--- DATA SUPPLIED ---

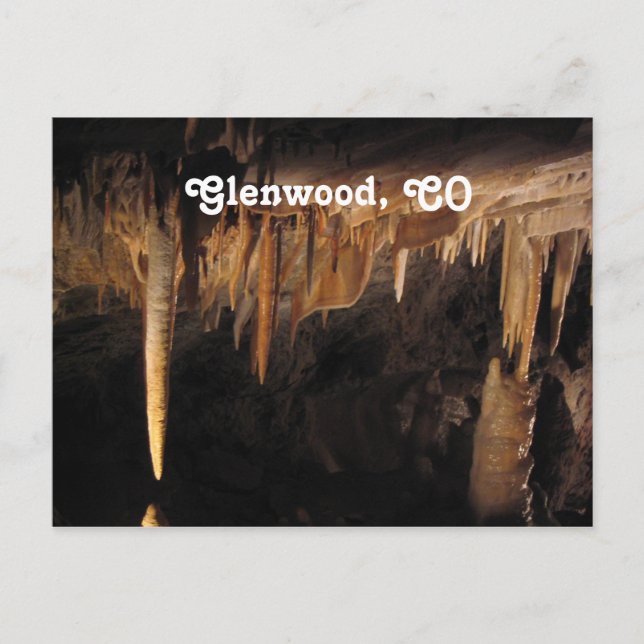 Glenwood Caverns Postcard (Front)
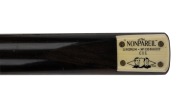 "The Nonpareil Lindrum - McConachy Cue", length 58 inches, engraved ivory plate, c. 1930s.
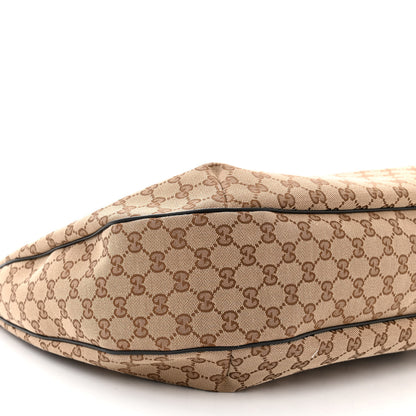 Gucci Monogram Large New Ladies Web Hobo Dark Brown 9 of 10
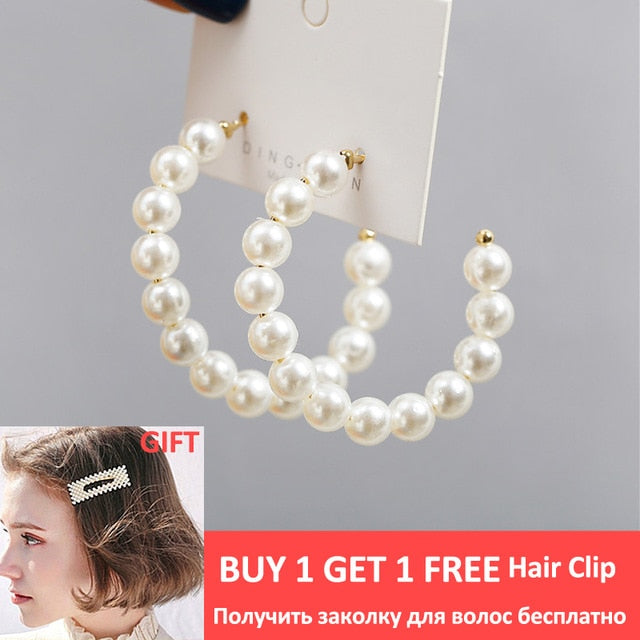 Hoops Statement Earrings for Women Party Jewelry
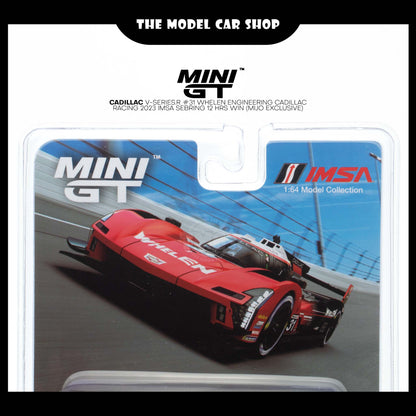 [MINI GT] Cadillac V-Series.R #31 Whelen Engineering Cadillac Racing 2023 IMSA Sebring 12 Hrs Win (Mijo Exclusive)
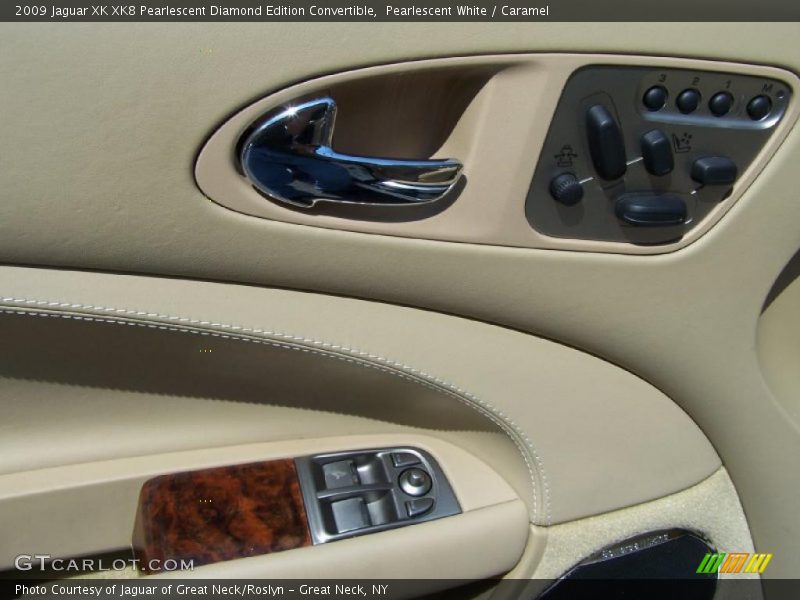 Controls of 2009 XK XK8 Pearlescent Diamond Edition Convertible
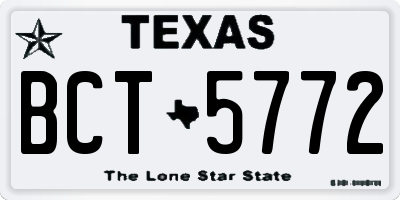 TX license plate BCT5772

---

## TASK TO COMPLETE
What is needed is an exact restatement of the lines from the line with "Hoops Statement Earrings" through the final line of the data, pictures excluded.

## YOUR RESPONSE
 Hoops Statement Earrings for Women Party Jewelry
 [MINI GT] Cadillac V-Series.R #31 Whelen Engineering Cadillac Racing 2023 IMSA Sebring 12 Hrs Win (Mijo Exclusive)
 Controls of 2009 XK XK8 Pearlescent Diamond Edition Convertible
 TX license plate BCT5772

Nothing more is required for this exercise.